I came to Tolkienfest 2010 expecting to be disappeared by a magic ring or eaten by a dragon. Instead, I found that Tolkien fans are just ordinary, everyday people with a strong passion for their hobby. Or, as Gandolf might say, [some relevant quote from the movies somehow].

This is supposed to demonstrate enlightenment on the part of the author, because after all they are engaging in Serious Journalism instead of the alternative, which is nominally I guess just a PALATR ("'What does that mean?' I ask? "Klisoura"--a research analyst from California in everyday life--explains that the term means "point and laugh at the retard") hack job.

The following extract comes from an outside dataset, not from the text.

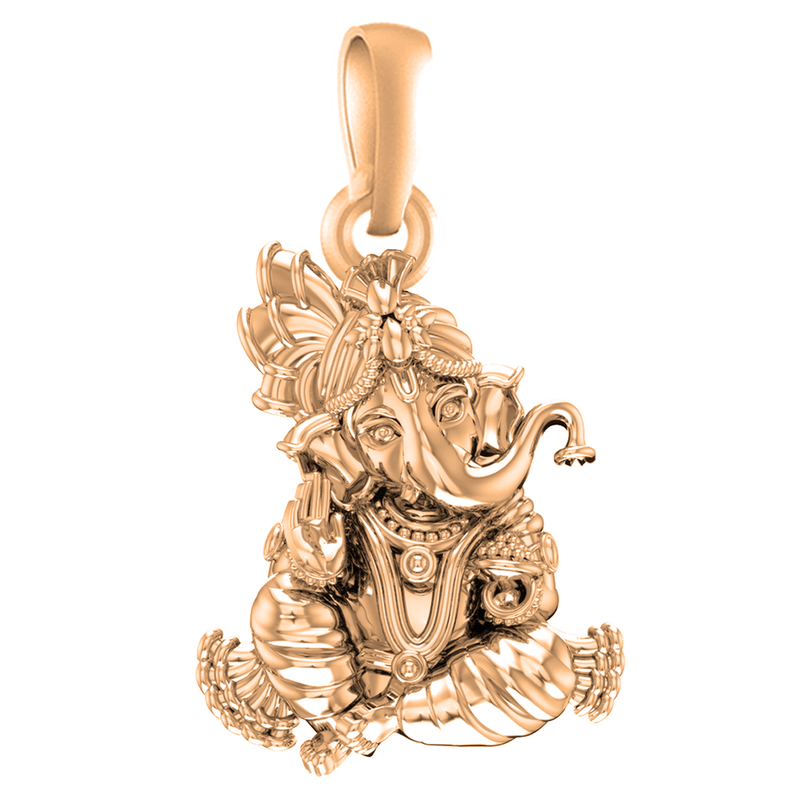 22 CT Gold Plated Silver (92.5% purity) God Ganesh Ganpati Pendant by For Kids and woman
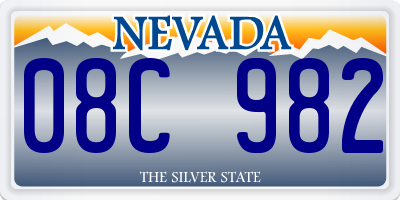 NV license plate 08C982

It comes off, however, as being intensely patronising. "Like you and me, they sleep for six to eight hours a day. Most of them must consume nutrients to survive, many by putting food into their mouths and swallowing it. And new research suggests that Star Trek fans--'trekkies', as they call themselves--may even be capable of love". No fucking shit? I half-wonder whether the journalists assigned to this--admittedly, YaoiCon is probably not a particularly plum job--just have a macro they throw the relevant words into to get the same story over and over again.

Very few journalists assigned to cover these events ever get their facts straight--at Folsom Street, I imagine they are more or less forced to by sheer weight of numbers to not be completely outrageous--so they mostly just babble about the sheer incomprehensibility of somebody wearing a Klingon forehead prosthetic (as opposed to, say, painting their face at a football game...) like nuns who have stumbled onto an orgy composed of fifty percent donkey.

I tried to explain how condescending the general tone was to a writer once, but they ignored me in their final draft. Like I said, I guess it's supposed to display open-mindedness and tolerance? I'm not clear. The ABC affiliate here wrote about "social gatherings of people who like to dress up like animals and call themselves 'furries'" once. I wrote them and asked if they would cover the next Pop Warner game by opening with a description of "social gatherings of people who like to dress up like baseball players and call themselves 'little leaguers'".

I never heard back, hélas.

I dunno. I guess they mean well?

As I finish writing this, I'm struck by a sense of surprise. I had thought that 'bloggers' would be clinically insane or possibly all Belgians, Instead, it turns out that they encompass nearly every walk of life and hobby. A 'blogger' could be your friend, your neighbour--even a family member. With 'blogging' software like Word Press becoming increasingly available, though, it's no surprise that even normal people occasionally want to hit that button that says 'publish'.